Wpisanie pawilonu wystawowego Domu Chemika do rejestru zabytków, przyszłość starej hali sportowej, „szlak puławskiego modernizmu” i neon „Puławy Miasto” – to część tematów, o których we wtorek rozmawiało stowarzyszenie „Puławianie” z prezydentem Pawłem Majem.
Jak się okazuje stowarzyszenie, które zasłynęło walką o wpisanie Domu Chemika do rejestru zabytków, ma szereg innych pomysłów. Niektóre z nich mają szansę powodzenia, o ile zyskają aprobatę urzędników. Przykładem jest „szlak puławskiego modernizmu”, czyli historia ok. 30 obiektów znajdujących się na terenie Puław, które „Puławianie” chcieliby wypromować.
– Takie szlaki funkcjonują już w Gdyni i Katowicach. Przy wskazanych budynkach mogłyby się pojawić tablice informacyjne prezentujące ich historię oraz zdjęcia pokazujące ich pierwotną formę – tłumaczy Szymon Karczewski. Promocją „szlaku” mogłaby być również odpowiednia zakładka na miejskiej stronie internetowej. – Wydaje mi się, że ten pomysł zainteresował urzędników – przyznaje prezes „Puławian”.
Stowarzyszenie chciałoby również pomocy w znalezieniu odpowiedniego miejsca do uruchomienia historycznego neonu z dworca „Puławy-Miasto”. Na razie on nie świeci, ale „Puławianie” mają zamiar zająć się jego renowacją, która ma kosztować ok. 15 tys. zł. – Docelowo mógłby znaleźć się np. na starym moście na Wiśle, od strony Góry Puławskiej, na jednym z wieżowców lub wiadukcie kolejowym przy Żyrzyńskiej – proponuje Karczewski.
„Puławianie” interesują się również starą halą sportową. Rozmowy dotyczyły możliwości wpisania tego budynku do rejestru zabytków. Wiemy już, że przeciwny temu jest prezydent Paweł Maj.
– Nie uważam tego budynku za zabytek. Jego wpisanie do rejestru znacznie powiększyłoby koszty ewentualnego remontu. Z finansowego punktu widzenia byłaby to dla nas katastrofa – ocenia prezydent, zapewniając jednocześnie, że obecnie nie ma planów związanych ze sprzedażą lub zamknięciem starej hali. – Dopóki nie wybudujemy nowego basenu, a na to nas obecnie nie stać, stara hala pozostanie w obecnej formie – precyzuje.
Z kolei Szymon Karczewski decyzji o tym, czy wnioskować o wpis tego obiektu do rejestru na razie nie podjął. – Zastanawiamy się nad tym – przyznaje.
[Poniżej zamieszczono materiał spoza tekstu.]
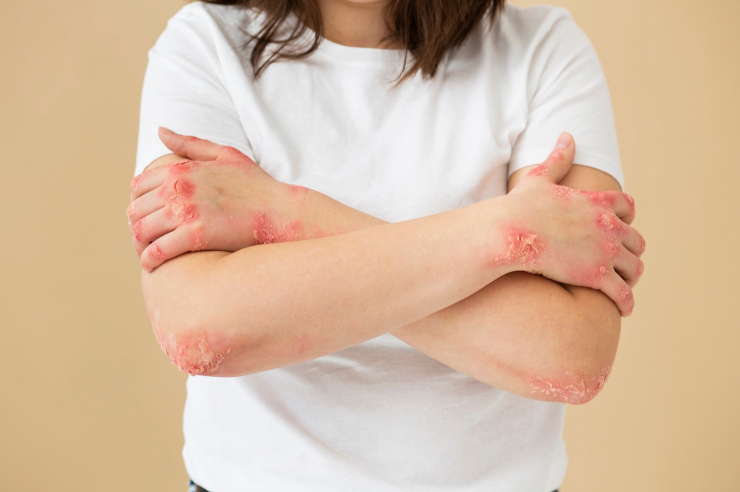 4 Psoriasis fototerapia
„Puławianie”: Nie budujcie mediateki
Kością niezgody pomiędzy obydwoma stronami pozostaje pawilon wystawowy Domu Chemika. „Puławianie” wydają się już pogodzeni z przebudową części głównej budynku (w trakcie), ale pawilonu od ul. Wojska Polskiego nie zamierzają odpuszczać.
Przypominamy, że zgodnie z planem, ma on zostać rozebrany, a w jego miejscu zaplanowano nowy gmach biblioteki miejskiej (tzw. mediateki) z podziemnym parkingiem na ok. sto samochodów. Według Szymona Karczewskiego, władze Puław powinny zrezygnować z przyznanego dofinansowania i zlecić „zdolnym architektom” przygotowanie nowej koncepcji dla tego budynku. – To może być naprawdę fajne, miastotwórcze miejsce. Poza tym nie ma pieniędzy na budowę mediateki, bo dofinansowanie jest niewielkie – przekonuje szef „Puławian”.
Innego zdania jest Paweł Maj. – Po zakończeniu przebudowy Dom Chemika, moim zdaniem, stary pawilon nie będzie współgrał z otoczeniem. Poza tym mamy już dofinansowanie na budowę mediateki, więc nie rozumiem, skąd taka determinacja po stronie stowarzyszenia – mówi prezydent. – Zrobię wszystko, żeby te doprowadzić do zakończenia modernizacji obydwu budynków i dostosowania ich do współczesnych potrzeb mieszkańców naszego miasta – zapowiada.
– Z walki o ochronę pawilonu nie zrezygnujemy. Władze miasta już w momencie projektowania mediateki, w 2016 roku, wiedziały o naszym proteście i nic z tym nie zrobiły. Nie możemy odpuszczać, bo inaczej będą przepychać w ten sposób wszystko – uważa Szymon Karczewski, który jak przyznaje, liczy na „refleksję” ze strony samorządowców.